Cuda runtime error (59) : device-side assert triggered while using torch.topk()

Dear,
I meet the cuda runtime error (59) : device-side assert triggered error when using torch.topk() , can you help me?

Problem:

The error related code is:

_feature = _feature.view(_b, _c, -1)  # [N, C, K]
assert _feature is not None, "Error-1"
_feature_sum = torch.sum(_feature.pow(2), dim=1)  # [N, K]
assert _feature is not None, "Error-2"
_idx = torch.topk(_feature_sum, top, dim=-1, sorted=False)[1]  # [N, top]
if _idx.max() > 10000:
    print("_idx error")
    print(_idx.max())
_jdx = torch.arange(_b).unsqueeze(1).repeat(1, top)
_feature = _feature[_jdx, :, _idx]  # [N, top, C]
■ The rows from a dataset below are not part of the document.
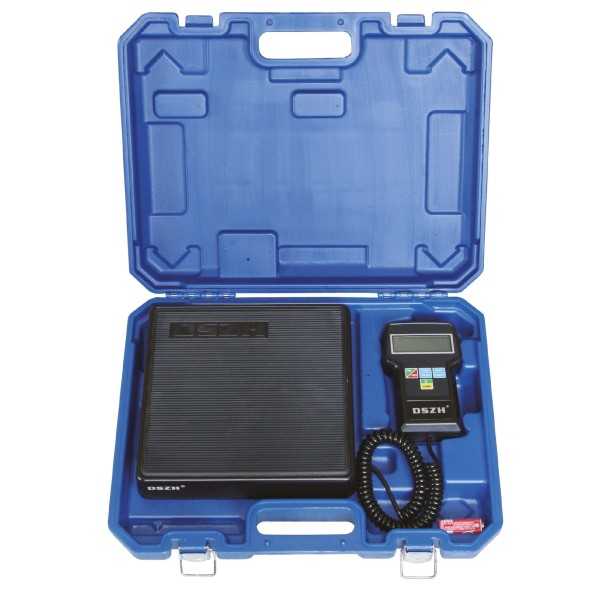 Saldo elettronico 100 kg con valigetta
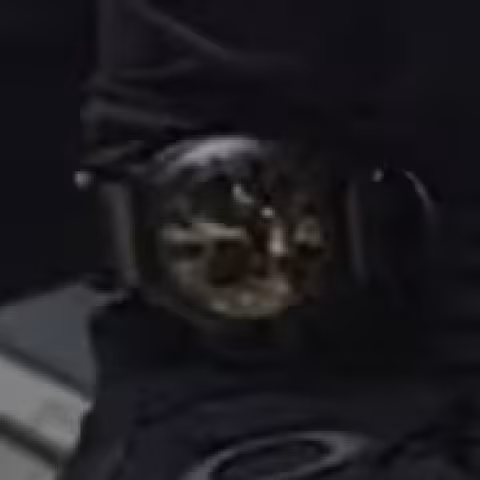 Panerai Luminor 1950 close-up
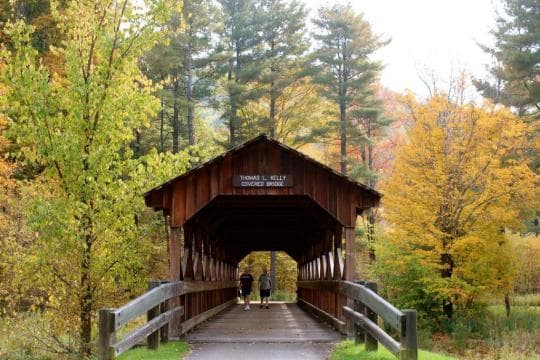 Allegany State Park Campground in New York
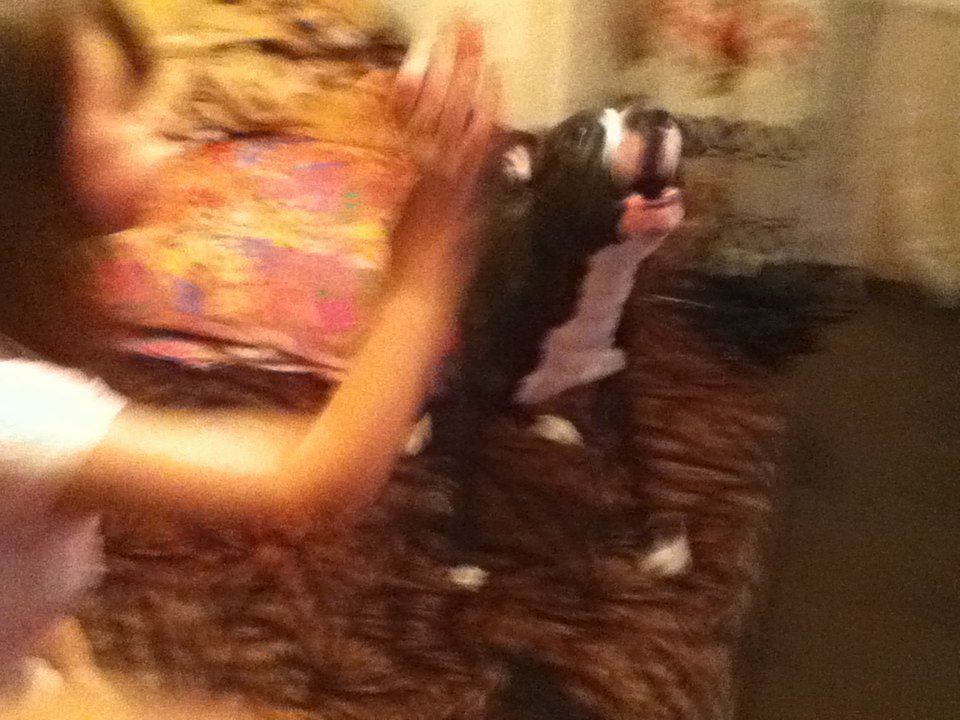 Kat Kan пил и пил | Санкт-Петербург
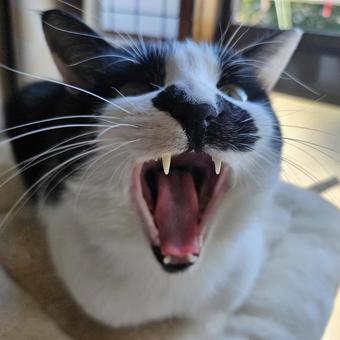 欠伸をするハチハレ妹猫 口,牙,ハチワレの写真素材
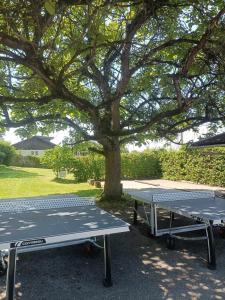Campings Camping le Rys - Mobil-home : photos des chambres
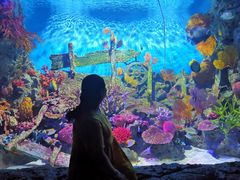 -暹罗海洋世界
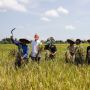 Ganjar Dorong Penyaluran Pupuk Subsidi Tepat Sasaran ke Petani Membutuhkan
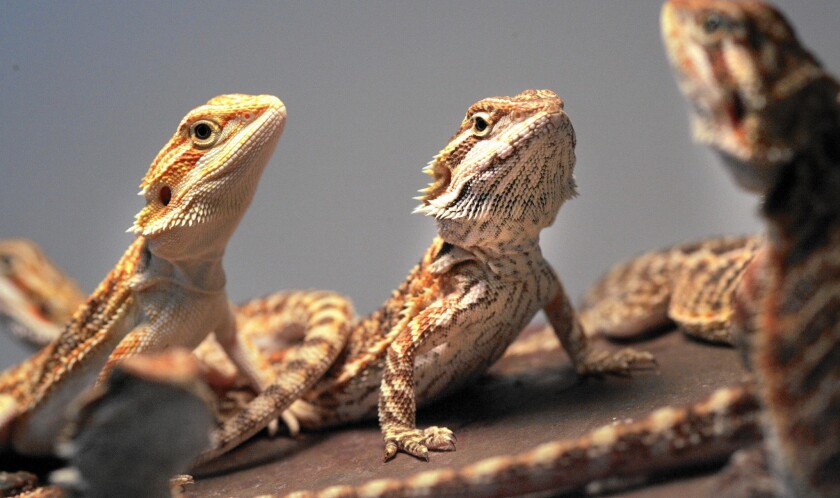 Caring for a bearded dragon takes some specialized knowledge.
This code, given a tensor _feature with size [NxCxK], returns the top samples with each sample having the size of [NxC], forming the [NxTOPxC].
The major code _idx = torch.topk(_feature_sum, top, dim=-1, sorted=False)[1] # [N, top], where top=50, _feature_sum.shape=(N, 64*64), while sometime, the calculated _idx.max() will be wrong, like:


NaN or Inf found in input tensor.
NaN or Inf found in input tensor.
/pytorch/aten/src/ATen/native/cuda/IndexKernel.cu:53: lambda [](int)->auto::operator()(int)->auto: block: [197,0,0], thread: [32,0,0] Assertion `index >= -sizes[i] && index < sizes[i] && "index out of bounds"` failed.
/pytorch/aten/src/ATen/native/cuda/IndexKernel.cu:53: lambda [](int)->auto::operator()(int)->auto: block: [197,0,0], thread: [33,0,0] Assertion `index >= -sizes[i] && index < sizes[i] && "index out of bounds"` failed.
.......
/pytorch/aten/src/ATen/native/cuda/IndexKernel.cu:53: lambda [](int)->auto::operator()(int)->auto: block: [37,0,0], thread: [95,0,0] Assertion `index >= -sizes[i] && index < sizes[i] && "index out of bounds"` failed.
THCudaCheck FAIL file=/pytorch/aten/src/THC/generated/../THCReduceAll.cuh line=317 error=59 : device-side assert triggered
_idx error
tensor(9223372034707292159, device='cuda:0')
Traceback (most recent call last):
  File "tools/train.py", line 153, in <module>
    main()
  File "tools/train.py", line 109, in main
    eval_loss=eval_loss
  File "tools/functions.py", line 33, in train_epoch
    out_dict = model_runner.train_one_batch(batch)
  File "models/basemodel_runner.py", line 176, in train_one_batch
    return self.forward(inp_dict)
  File "models/basemodel_runner.py", line 131, in forward
    loss_feature = self._feature_loss(_features, _mask)
  File "models/basemodel_runner.py", line 197, in _feature_loss
    feature_fg = self._sample_features(_feature, _mask, sample_fg, top=self.mask_sample_topk * 2)  # [N, top, C]
  File "models/basemodel_runner.py", line 250, in _sample_features
    if _idx.max() > 10000:
RuntimeError: cuda runtime error (59) : device-side assert triggered at /pytorch/aten/src/THC/generated/../THCReduceAll.cuh:317

It seems that the error is caused by the topk() function. I have searched for the similar error, however, the similar ones are due to the class with number <0 in classification task.

Anyone can help me?

Try running the above code in the cpu. You will get a trace of the actual error

which version of pytorch you used? I can run this part code alone successfully.

In [1]: import torch

In [2]: _feature = torch.rand(4,6,50)

In [3]: top = 10

In [4]: _b, _c = 4, 6

In [5]: _feature = _feature.view(_b, _c, -1)  # [N, C, K]
   ...: assert _feature is not None, "Error-1"
   ...: _feature_sum = torch.sum(_feature.pow(2), dim=1)  # [N, K]
   ...: assert _feature is not None, "Error-2"
   ...: _idx = torch.topk(_feature_sum, top, dim=-1, sorted=False)[1]  # [N, top]
   ...: if _idx.max() > 10000:
   ...:     print("_idx error")
   ...:     print(_idx.max())
   ...: _jdx = torch.arange(_b).unsqueeze(1).repeat(1, top)
   ...: _feature = _feature[_jdx, :, _idx]  # [N, top, C]

In [6]: _feature.shape
Out[6]: torch.Size([4, 10, 6])

The problem above appears randomly.

The stack trace points to an invalid index operation, so make sure to keep the bounds of idx:

block: [197,0,0], thread: [32,0,0] Assertion `index >= -sizes[i] && index < sizes[i] && "index out of bounds"` failed

Yes, the error appears when _idx.max() is larger than the shape of dimension.
However, the _idx is obtained by the torch.topk() method. Thus, this error actually caused by the topk().